It’s just like being at home, except I don’t have to do the dishes.
I did make it out a few years ago, on a day that any normal person would have stayed home. “I think I’m gonna go climb Adatara tomorrow,” I told my wife as the weatherwoman on TV talked politely about the typhoon on the way. My wife was planning on everyone going shopping in the morning, then to lunch at the same ramen shop we always go to (not for nothing, their portions are massive). Her plan, I’m sure, included me. “I’ll take that orange bicycle out there. You going to be okay with the kids?”
“Yes, of course,” she replied, sounding less than excited about the perfect storm brewing. “You don’t want to eat lunch with us at Kuntaro?”
I did. But I didn’t.
Everyone was still sleeping when I slipped out the door and pedaled off into the gray, misty morning, heading for #21 of those Hundred Famous Mountains.
The view from Mt. Minowa, a little north of - and much more enchanting than - Mt. Adatara
I learned two lessons that day. One, I have secret anti-typhoon powers; the skies could not have been much bluer. Two, a discussion needs to be had on what makes a mountain famous. Adatara? Really?

There was something else I got from that day, though; a sort of lesson that I am still learning.

Being a good father doesn’t mean always being present.

Last month I brought my boots and my book to Fukushima again. But in place of the hollow optimism was a burst of forward-thinking inspiration as foreign to me as sex these days.
I normally spend our first evening on the peach farm sitting in the living room, staring in resignation at the calendar on the wall while my kids ignore their grandparents in favor of the TV. This time, with my kids deep into another slapstick variety show, I glanced at that calendar over and over like it was going to try to escape as I interrogated my wife about the next several days.
“When do you want to go to Kuntaro? When are we going to Katsumi’s place?” Katsumi, her hair stylist friend, would give us the bulk family rate if we all got haircuts. I kind of felt compelled. “Does your mother need help with the peach trees? You said you wanted to go put fresh flowers on your grandparents’ grave, right? And what about the dentist?” The dentist was my wife’s cousin. He gave a great deal on teeth-cleaning – and, as with my hair, my teeth were overdue for some attention.
Mixed in were the mandatory trips to the park and the hot spring village and the old-fashioned candy store on the hill. This left Thursday open.
I checked the weather forecast. Whatever kryptonite I possess for typhoons is useless against the rain.
Thursday promised a mix of sun and clouds with little chance of the sky falling. At the same time, this was March in sort-of northern Japan. The mountaintops still wore the white of winter. The weather could be impetuous, even downright impolite.
As my kids argued over the remote, unaware their grandmother had walked in and then out of the room, a voice whispered to me.
Every year people disappear hiking Japan’s still-snowy mountains. Some get lost and succumb to exposure. Others fall right off the mountain, either from a lack of experience or a lack of proper equipment, or both. At minimum one should have those spiky crampon things on their boots, and a map they know how to read.
I don’t have much experience hiking in winter. I don’t have any crampons. I can read a map, more or less. But none of that worried me. All I needed was a bag of cookies and my bear bell. I was sure I’d be good.
“I’m going to go climb Nasu-dake on Thursday,” I told my wife. “As long as the weather’s okay.”
My boots couldn’t believe it when I put them in the car and drove off into the mountains, heading for #24 of Japan’s famous Hyakumeizan.

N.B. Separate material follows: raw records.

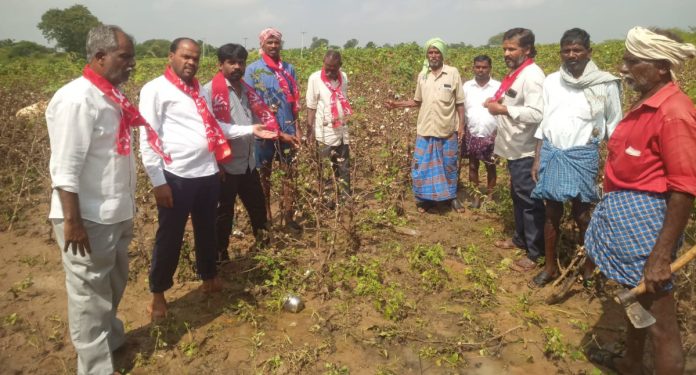 Farmers who have suffered crop losses should be supported: CPI(M)
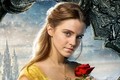 Diễn viên Emma Watson kiếm hơn hơn 400 tỷ khi mới 19 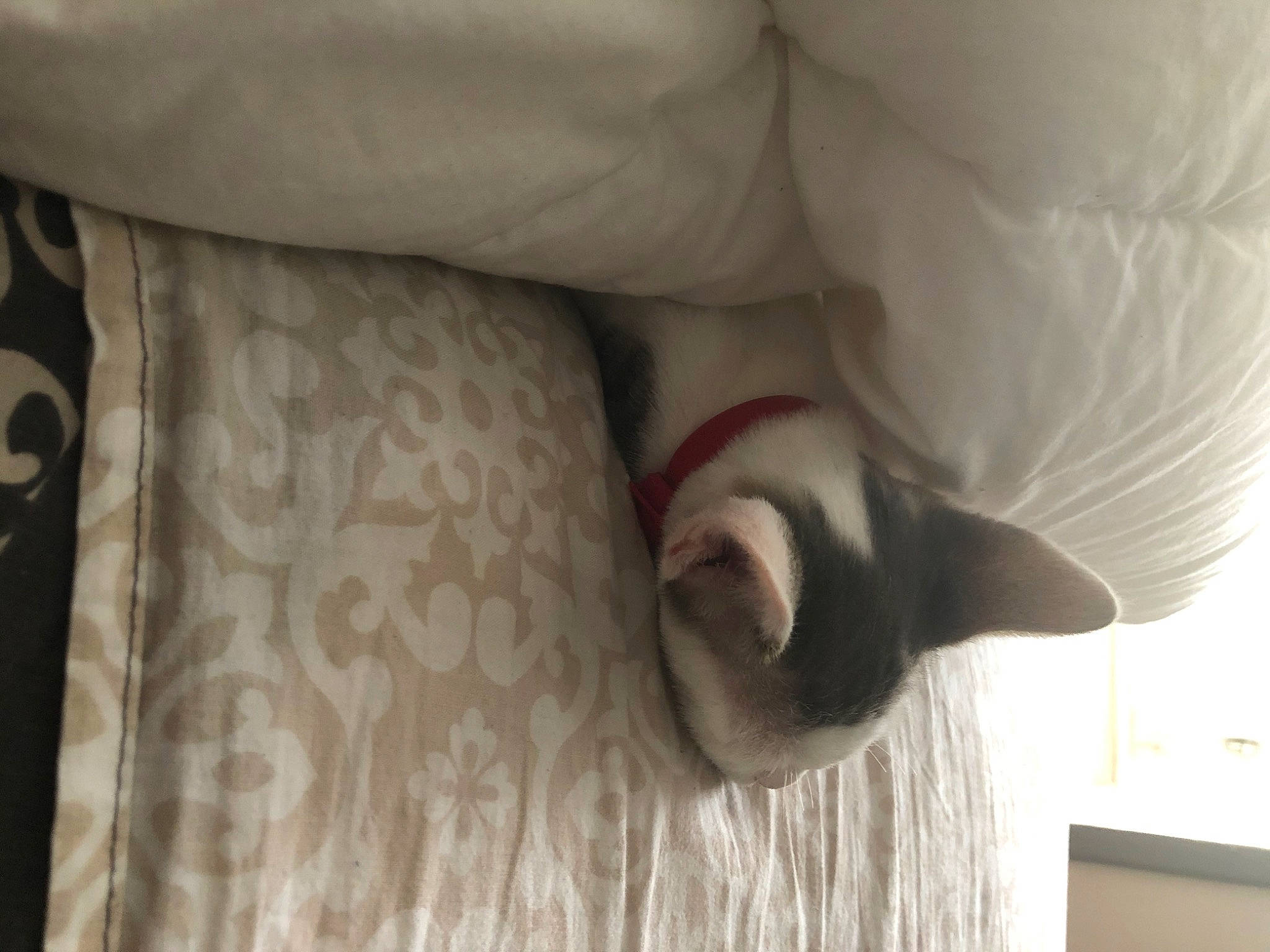 Raya participe au concours pour gagner de l'argent avec cette photo : carmine, carnivore, cat, comfort, companion_dog, couch, domestic_short_haired_cat, fawn, felidae, flooring, fur, grey, hardwood, human_leg, linens, small_to_medium_sized_cats, snout, tail, whiskers, wood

Promising Conditions. No Equipment.
The road to the Nasu-dake ropeway station was perfectly clear and dry. Only the final quarter-mile, the winding stretch leading up to the main trail head, remained closed off. This seemed a matter of season rather than snow. In Japan, following rules and adhering to schedules is not the best way. It is the only way.
The valley below sat awash in sun, sleepy under the pale blue eastern sky. Even up here at 1,380 meters above sea level the morning air held a hint of warmth. The ropeway was running. Parking was free. Why was this place almost deserted?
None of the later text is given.